Case Study 02

FABRIC

Concept-testing a new member support system for a FinTech startup for small business owners during organizational change

ROLE

Senior UX Researcher (contract)

TIMELINE

6 weeks

METHODS

User Interviews

Change Management

Concept Testing

Financial Services Startup

Company 

A Series A fintech platform serving self-employed professionals and small businesses needed to transition from an email-based support system to an in-app messaging center powered by Zendesk. Member growth had outpaced their customer service model, and leadership needed a change management strategy to minimize churn risk during the rollout.

The Challenge

Core Questions

  • How do members feel about switching from email to an in-app ticketing system?

  • What is the likelihood they'd use the new system over the familiar email workflow?

  • What are the biggest churn risks and how do we mitigate them?

  • How well does the proposed escalation framework match members' mental models?

My Approach

I conducted 10 remote 60-minute sessions combining structured interviews with concept testing.
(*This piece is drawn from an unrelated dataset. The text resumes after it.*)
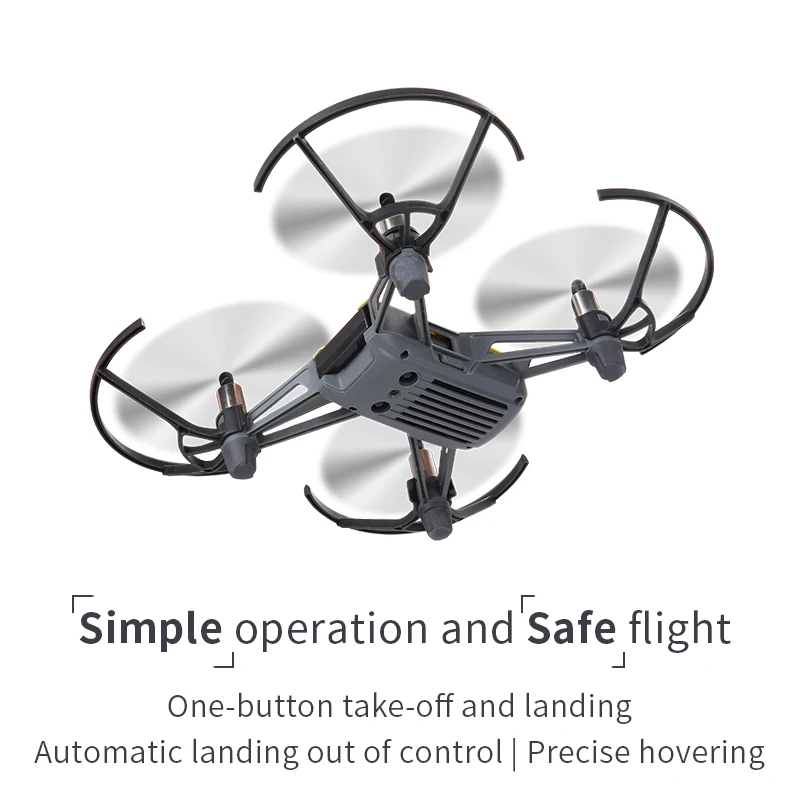 Квадрокоптер DJI RYZE TELLO Flight Tech Tello App контроллер Совместимость с Throw & Go 8D сальто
The first half explored current support habits, Member Relationship Manager (MRM) relationships, and pain points. Then I tested a clickable Figma prototype showing three levels of support escalation, asking participants to rate likelihood of adoption at each level using a 5-point scale.

I closed each session with three real-world pressure test scenarios — like discovering a tax return mistake right before the filing deadline — to validate whether the escalation framework matched how users would naturally navigate the system.


Key Insight: The Trust Gap

High-utilization members posed the greatest churn risk — not because of the product change itself, but because of a gap in trust. Both the old and new systems felt like a "black box" where customers never knew who would respond to their request.

"I want to ask a question and know Dan's answering, but if he has no recognition of previous conversations... If I have to re-explain myself, that's gonna piss me off."

Customers wanted to know:

  • Who is responding?

  • Do they know my context and history?

  • Is there a clear path to escalate if I'm not satisfied?

Key Findings

  • Transparency over convenience: Users valued knowing who they were talking to and seeing their support history more than they cared about the channel (email vs. in-app)

  • Focus on gains, not just change: Members empathized with MRMs being overwhelmed during tax season. The rollout was an opportunity to demonstrate the company was addressing the problem by introducing efficiency

  • Behavioral design matters: Loss aversion meant we needed to meaningfully message the gains — particularly that tax experts would be more available — not just announce the change

Impact and Milestones

Prevented Potential Churn

Findings directly shaped how the company communicated the IMC to members. Marketing reframed the launch as a "tax season support upgrade" rather than a system change

Phased Rollout with Risk Monitoring

Recommended monitoring high-utilization segments closely post-launch, which influenced the rollout timeline and escalation path design

Content Strategy Delivered

Auto-response copy was rewritten to reduce anxiety. Routing transparency added. Display names updated to include expertise titles (e.g., 'Janet, Tax Specialist')

👀 Behind-the-Scenes

Stakeholder interviews surfaced tension between cross-functional teams. Mid-project, the company announced layoffs impacting the design org.

Rather than funneling findings only to the hiring director, I published insights and updates to a shared Slack channel accessible to all stakeholders — including the CEO.

In a politically charged environment, keeping the research neutral and accessible was the only way to preserve its value and encourage teams to act on the insights.